[Update: I am closing this thread as it is now over 500 comments long. However, because the discussion is still ongoing it will continue on this post. There is also the possibility of Chris S coming back with his own analysis of Richard's data.
This is a quick summary of what we can conclude thus far.
Richard thinks he is a sceptic. I am sorry to say that he is not. A sceptic considers all available material and evaluates evidence objectively. We know Richard does not do this because he has several times cited material that he admits himself he has not read. A sceptic will consider all relevant lines of evidence with equal rigour. Richard does not do this as evidenced by his dismissal of current global warming because of an alledged dearth of long temperature records from tropical weather stations simultaneous with his confident statement that it "seems the temp run up to the MWP was just as rapid as this one is", an unsupported, and unsupportable, statement. A sceptic will not engage in evasion, obfuscation and shifting of claims, they are able to focus and think critically and rationally.
There are a couple of good overviews at various points in the thread, itemizing unanswered issues and illustrating Richard's tactics. You can read them here, here, here and here.
Original post follows]
I spent some time in the comment threads over at ClimateEtc trying to defend the use of the term “denier”. I confess that I use it too often and too quickly but I’ll be damned if it is not simply the most accurate word sometimes. That was the point I made and it didn’t go over too badly. Anyway, that is not my topic here.
One fellow challenged me to give a serious look at the arguments on this page so I did and thought I could expand on my answer to him here. I only watched the first video of two there and this is more or less what I answered over there.
If I may summarize for interested readers who do not want to follow the link and spend the 6 minutes required: the author of the page is using temperature data from a station(s?) in southern ontario to show primarily two things: one is that summer temperatures are not increasing, only winter temperatures are increasing therefore it is not in fact getting warmer it is only getting less cold (there is no argument that the seasonally averaged trend is rising); two is that the slight averaged rise is extremely small compared to the daily and seasonal temperature fluctuations. It is very nicely done, clearly presented graphics that support the argument well. I dislike the outraged tone and unecessary insinuation that this is something being delibrately hidden and that the usual CRU and GISS global trend graphs are a deception.
But despite being well supported, the first argument itself is flawed in at least two fundamental ways.

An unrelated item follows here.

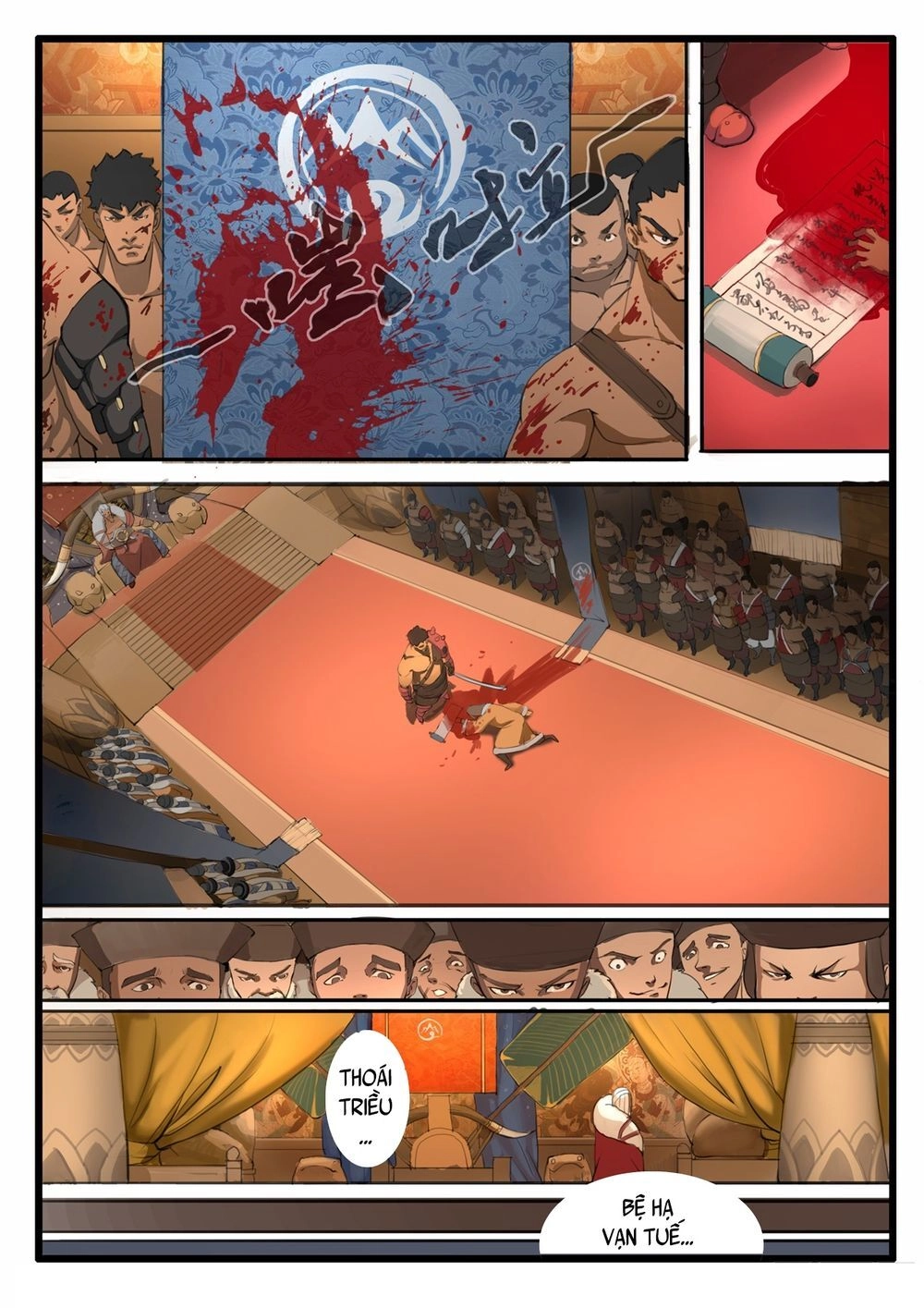 Đại Thần Ký Chapter 19 - 10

Firstly, the whole thing is an analysis of southern ontario versus the GISS global temperature analysis. This is simply inappropriate, drawing a global conclusion from a single small part of the globe. Secondly, it is not a convincing point that just because it is only “less cold” (also known as warmer, no?) in the winter and not warmer in the summer that therefore it is unfair to say the climate overall is warming. Everyone involved in global temperature analyses defines what they mean when presenting average temperatures, and that is typically defined as globally and seasonally averaged temperatures. It is not unknown, or known but covered up or ignored that seasons may respond differently. I don’t know if the page’s author is actually correct in this particular summer/winter claim, it certainly seems plausible. But regardless, an average is an average, this is simple statistics, not a trick.
I do know that that aside from seasons, another observational feature is that nightime and daytime anomalies are different, nightime is warming faster. This is actually strong evidence that it is in fact an enhanced GHE we are looking at and evidence that it is not solar forcing. These are interesting details, but they do not in anyway make the average temperature trend deceptive or inconsequential.
The second argument is what’s known as an arguement from incredulity. The trend looks so small, 0.8oC over 100 years, when the temperatures flucuate 10′s of degrees in a single 24 hr period, more than 100 degrees C 70 degrees C summer to winter in some places. But that does not mean one’s incredulous intuition is right! Any scientist involved in the study of ecosystems will tell you how incredibly sensitive some organisms can be to tiny changes in their environment, it is the opposite of inconceivable that the entire biosphere will be similarily vulnerable. But for me the strongest evidence that small flucuations can have tremendous impact comes from the ice core and sediment records of the glacial/interglacial cycles. Here we can see that the difference between the climate the globe has today and one where kilometre thick ice sheets extended well into the continental US is a mere 5oC in the global average temperature! 5 degrees, heck a good Chinook wind could make the temperature go up 4 times that between the time I left for school as a boy in Alberta and the time I got home. But when you are talking about climate, and not weather, 5oC is, apparently, huge.
If jrwakefield comes over here, please everyone try to be nice!